The Iowa State University Center for Women and Politics says a record number of women will be serving in the Iowa Legislature next year as a result of the 2018 election. There will still be more than twice as many men in the legislature, but 45 women will serve in the Iowa House and Senate when lawmakers convene in January — an all-time record.
Melissa Gesing is executive director of an Iowa group that encourages women to run for office.
“We are so thrilled with the progress being made at the state and national levels with electing women and really are looking forward to 2019 and 2020,” she says. “We know we have a lot of work yet to do.”
The name of Gesing’s group is “50-50 in 2020” and its goal is to reach the point in Iowa where half of elected officials are men and half are women.

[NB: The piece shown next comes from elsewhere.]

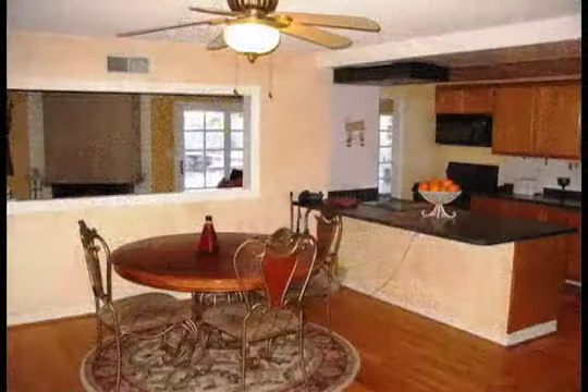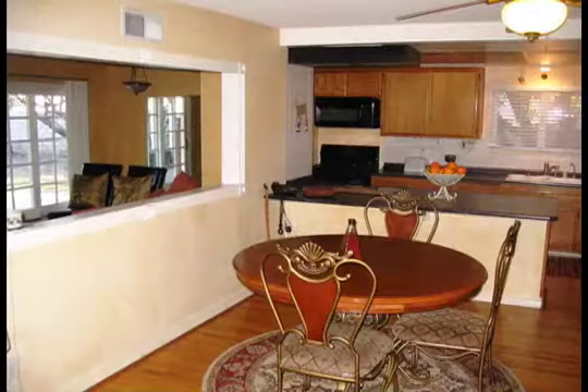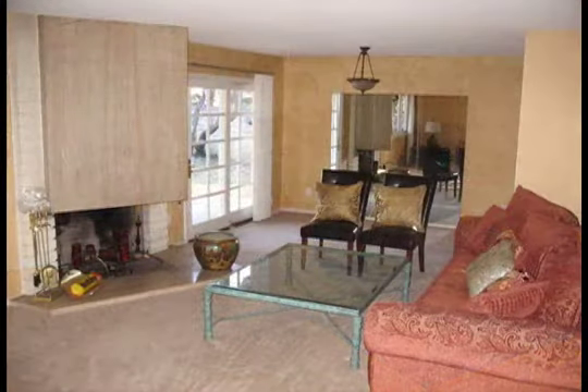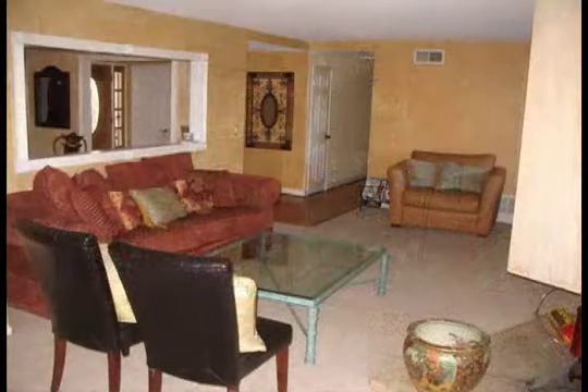Situated on a lovely tree-lined street in Porter Ranch, this superb five-bedroom house — with three bedrooms downstairs plus two bedrooms upstairs — sits on an almost 13,000 square foot lot. The features of this wonderful home include a huge family room, handsome living room with fireplace, true formal dining area, and a breakfast area.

“We are very close,” Gesing says. “We have achieved equity from our federal delegation from Iowa, so now the state House and state Senate still need more female representation.”
In January, after Cindy Axne and Abby Finkenauer are sworn in as congresswomen, they’ll join U.S. Senator Joni Ernst so that Iowa’s congressional delegation will be made up of three women and three men.
A record number of women will be serving in the next congress. On this day after the election, Gesing is already encouraging Iowa women who’ve been thinking of running for office to do it.
“Women often have to be asked multiple times, so this is your first ask to run,” Gesing says. “You are qualified and your experiences are valuable to be brought to the table.”
50-50 in 2020 will host day-long seminars around the state this year and sponsor a “see yourself here” day at the Iowa capitol for women to interact with other women who are already in elected office. The Iowa State University Center for Women and Politics will sponsor a “Ready to Run” event this year as well.